Digital Collections

Oral history interview with Frank A. Laski

  • 1994-May-13
  • 1994-May-19
  • 1994-May-26

Frank A. Laski was born in Detroit, Michigan; he grew up in Oak Park, a suburb of Detroit until about high-school age, when his family moved to Southfield, another suburb. His father's parents and sisters perished in a concentration camp in WWII; his mother's family in Berlin obtained false papers to survive the war. Laski's father and uncle survived the concentration camp and were sent to Louisville, where Laski's father met and married Eva Marx, who also had moved to Louisville after the war. Laski's parents and his uncle moved to Detroit, where they established a prosperous heating business. Laski has one older brother and a younger sister. He had a happy childhood and liked school.
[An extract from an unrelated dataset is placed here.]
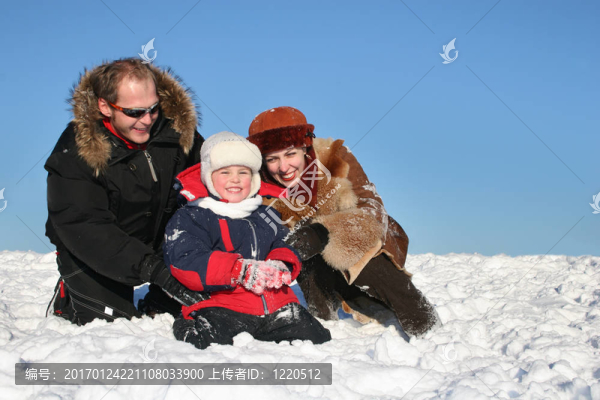 冬天的家人坐在雪地上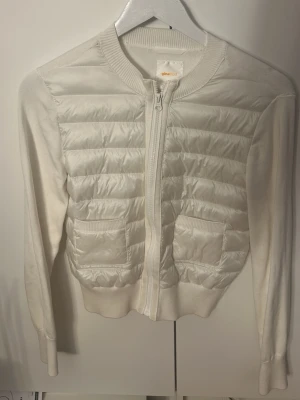 Vit quiltad cardiganjacka från Gina Tricot - fräsch vit cardiganjacka från Gina Tricot med quiltade partier pure fronten, dragkedja och två fickor. Jackan har ribbade i muddar och nederkant samt är tillverkad i en what-deal av stickat och vadderat material för en modern look.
He attended a summer camp each year from an early age and eventually worked at the camp. He discovered in high school that he liked science. He attended the University of Michigan, where he obtained a BS in general studies, a major that allowed him to concentrate on science; he worked in Ethel Noland Jackson's lab as an undergraduate. He became very excited about recombinant DNA and knew that his future lay with genetics. Laski entered Massachusetts Institute of Technology for his PhD He worked there in Phillip A. Sharp's lab, where he learned to clone adenovirus; spliced introns; and eventually passed his oral exams. After receiving his PhD he took a postdoc in Gerald M. Rubin's lab at the University of California at Berkeley, working on the relationship between P elements and germline tissue. He then accepted an assistant professorship at the Department of Biology and at the Molecular Biology Institute at the University of California at Los Angeles, where he remains today. His work encompasses bacteriophage packaging; transfer RNA; Drosophila ovaries; P elements; oogenesis; and genetic mutations in Drosophila.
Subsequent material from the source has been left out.